Some fake data will be useful to run this model:

```
library(cmdstanr)
# Generate some fake data
n <- 250000
k <- 20
X <- matrix(rnorm(n * k), ncol = k)
y <- rbinom(n, size = 1, prob = plogis(3 * X[,1] - 2 * X[,2] + 1))
mdata <- list(k = k, n = n, y = y, X = X)
```

In this model, most of the computation will be handled by the
`bernoulli_logit_glm_lpmf`

function. Because this is a
supported GPU function, it should be possible to accelerate it with
OpenCL. Check here
for a list of functions with OpenCL support.

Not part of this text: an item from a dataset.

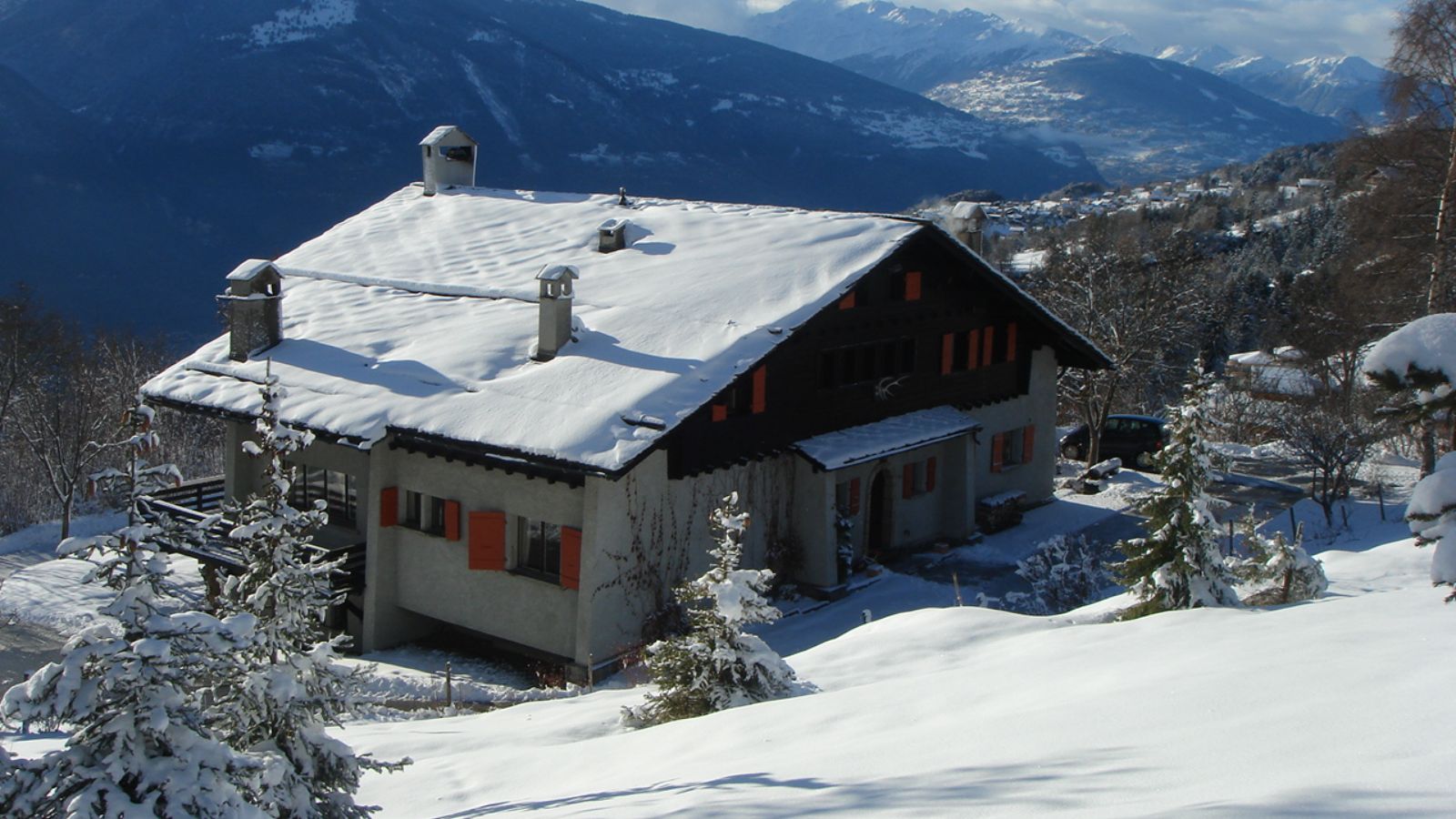 luxury-ski-chalets-crans-montana-domaine-de-la-baronne-oxford-ski-exterior.JPG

To build the model with OpenCL support, add
`cpp_options = list(stan_opencl = TRUE)`

at the compilation
step.

```
# Compile the model with STAN_OPENCL=TRUE
mod_cl <- cmdstan_model("opencl-files/bernoulli_logit_glm.stan",
cpp_options = list(stan_opencl = TRUE))
```

Running models with OpenCL requires specifying the OpenCL platform
and device on which to run the model (there can be multiple). If the
system has one GPU and no OpenCL CPU runtime, the platform and device
IDs of the GPU are typically both `0`

, but the
`clinfo`

tool can be used to figure out for sure which
devices are available.

On an Ubuntu system with both CPU and GPU OpenCL support,
`clinfo -l`

outputs:

```
Platform #0: AMD Accelerated Parallel Processing
`-- Device #0: gfx906+sram-ecc
Platform #1: Intel(R) CPU Runtime for OpenCL(TM) Applications
`-- Device #0: Intel(R) Core(TM) i7-4790 CPU @ 3.60GHz
```

On this system the GPU is platform ID 0 and device ID 0, while the
CPU is platform ID 1, device ID 0. These can be specified with the
`opencl_ids`

argument when running a model. The
`opencl_ids`

is supplied as a vector of length 2, where the
first element is the platform ID and the second argument is the device
ID.

```
fit_cl <- mod_cl$sample(data = mdata, chains = 4, parallel_chains = 4,
opencl_ids = c(0, 0), refresh = 0)
```

We’ll also run a version without OpenCL and compare the run times.

```
# no OpenCL version
mod <- cmdstan_model("opencl-files/bernoulli_logit_glm.stan", force_recompile = TRUE)
fit_cpu <- mod$sample(data = mdata, chains = 4, parallel_chains = 4, refresh = 0)
```

The speedup of the OpenCL model is:

`fit_cpu$time()$total / fit_cl$time()$total`

This speedup will be determined by the particular GPU/CPU used, the input problem sizes (data as well as parameters) and if the model uses functions that can be run on the GPU or other OpenCL devices.